Below is a set of records; reproduce them exactly without their pictures.

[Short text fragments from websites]
◆ ◆ ◆ ◆

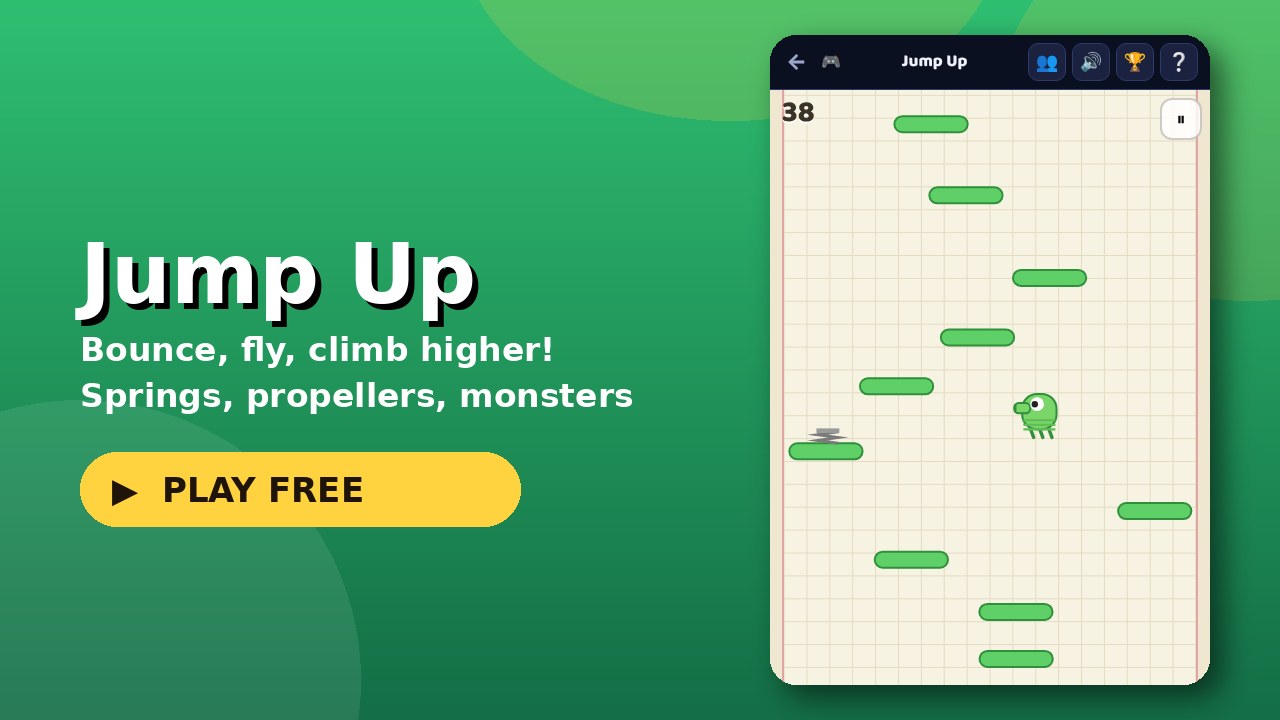 Jump Up game screen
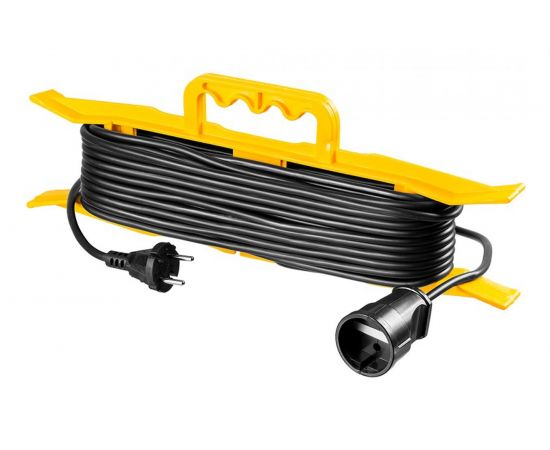 Удлинитель на рамке Stayer MF 207, 50 м, 2200 Вт, 1 гнездо, ПВС 2х0,75 мм2, 55018-50_z01 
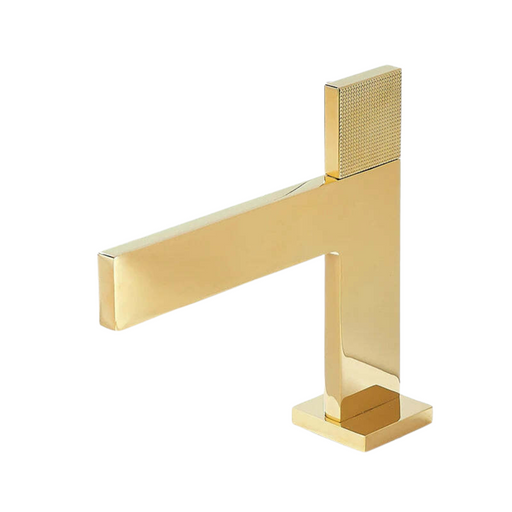 Deck Mounted Single Lever Bathroom Faucet - DuoFaucets Product Image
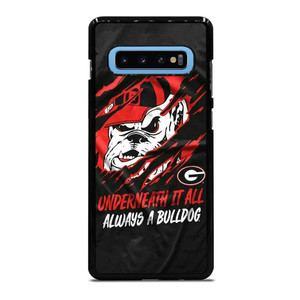UGA GEORGIA BULLDOGS UNDERNEATH IT ALL Samsung Galaxy S10 Plus Case UGA GEORGIA BULLDOGS UNDERNEATH IT ALL Samsung Galaxy S10 Plus Case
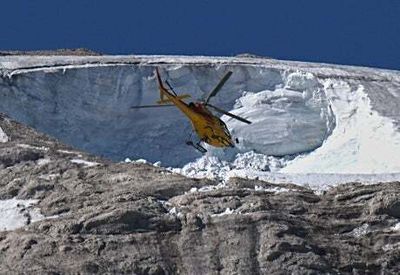 Italian Alps glacier collapse death toll rises to 9, with 3 still missing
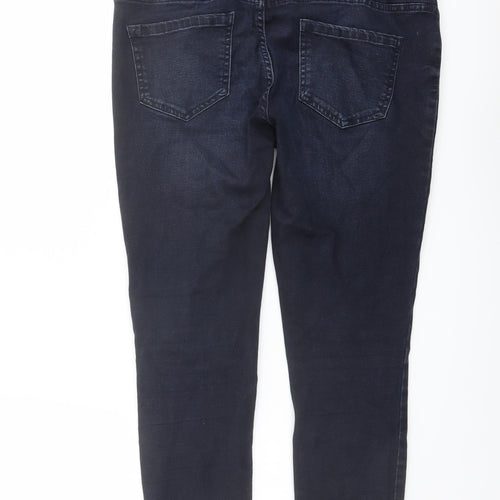 New Look Womens Blue Cotton Jegging Jeans Size 10 L28 in Regular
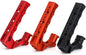 Universal Top Handle with Quick Release NATO Grip with NATO Rail for DSLR Camera Cage, with 3 Cold Shoe Adapters to Mount DSLR Camera with Microphone/LED Light/Monitor (Red with NATO Rail)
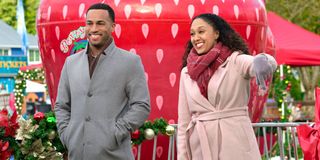 christmas comes twice hallmark 2020 Tamera Mowry Housley Michael Xavier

◆ ◆ ◆ ◆

**Reply:**
 Jump Up game screen
 Удлинитель на рамке Stayer MF 207, 50 м, 2200 Вт, 1 гнездо, ПВС 2х0,75 мм2, 55018-50_z01 
 Deck Mounted Single Lever Bathroom Faucet - DuoFaucets Product Image
UGA GEORGIA BULLDOGS UNDERNEATH IT ALL Samsung Galaxy S10 Plus Case UGA GEORGIA BULLDOGS UNDERNEATH IT ALL Samsung Galaxy S10 Plus Case
 Italian Alps glacier collapse death toll rises to 9, with 3 still missing
 New Look Womens Blue Cotton Jegging Jeans Size 10 L28 in Regular
 Universal Top Handle with Quick Release NATO Grip with NATO Rail for DSLR Camera Cage, with 3 Cold Shoe Adapters to Mount DSLR Camera with Microphone/LED Light/Monitor (Red with NATO Rail)
 christmas comes twice hallmark 2020 Tamera Mowry Housley Michael Xavier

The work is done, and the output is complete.